■ **ASSIGNMENT**
Would you repeat word for word the lines of the listing that follows, from the one with "ভোটের ডিউটিতে পুলিশের জন্য ২২ নিষেধাজ্ঞা" up to and including the one with "Versatile Trophy Cup", and leave out the images?

■ **MATERIAL FOR THIS TASK**

☆ ☆ ☆ ☆ ☆

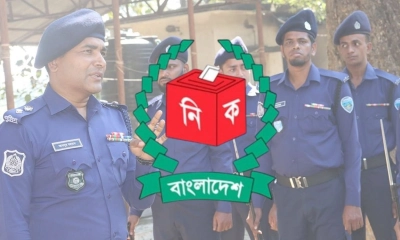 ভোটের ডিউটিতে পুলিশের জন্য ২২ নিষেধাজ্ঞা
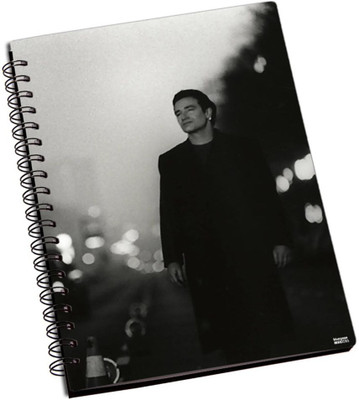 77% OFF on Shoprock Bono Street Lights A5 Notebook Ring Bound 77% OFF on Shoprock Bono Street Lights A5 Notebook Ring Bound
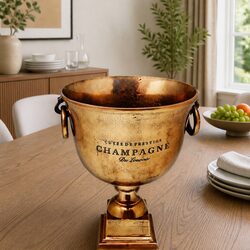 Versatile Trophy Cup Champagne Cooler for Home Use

☆ ☆ ☆ ☆ ☆

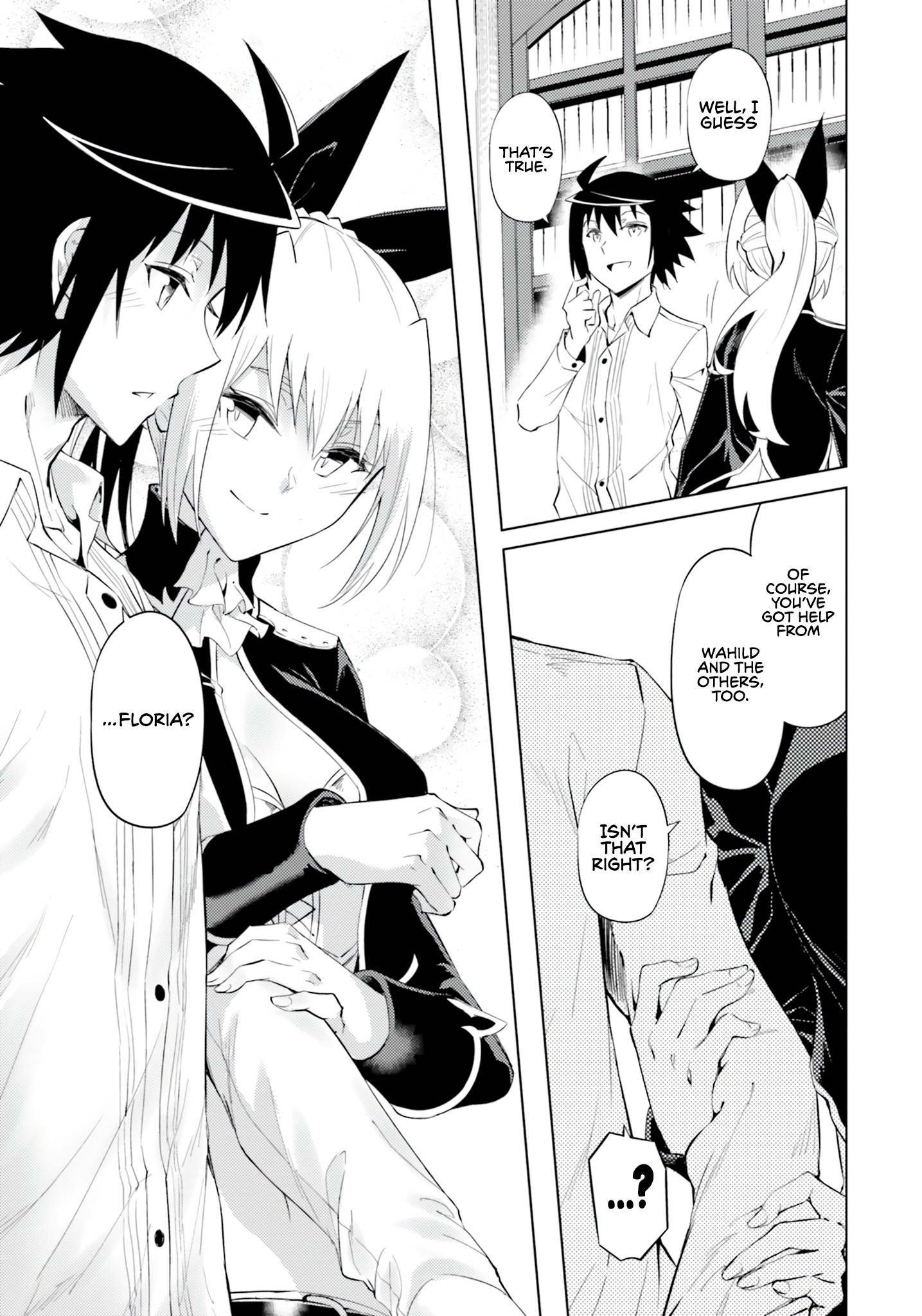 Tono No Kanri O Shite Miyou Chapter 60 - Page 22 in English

☆ ☆ ☆ ☆ ☆

■ **RESULT OF THIS EXERCISE**
 ভোটের ডিউটিতে পুলিশের জন্য ২২ নিষেধাজ্ঞা
 77% OFF on Shoprock Bono Street Lights A5 Notebook Ring Bound 77% OFF on Shoprock Bono Street Lights A5 Notebook Ring Bound
 Versatile Trophy Cup Champagne Cooler for Home Use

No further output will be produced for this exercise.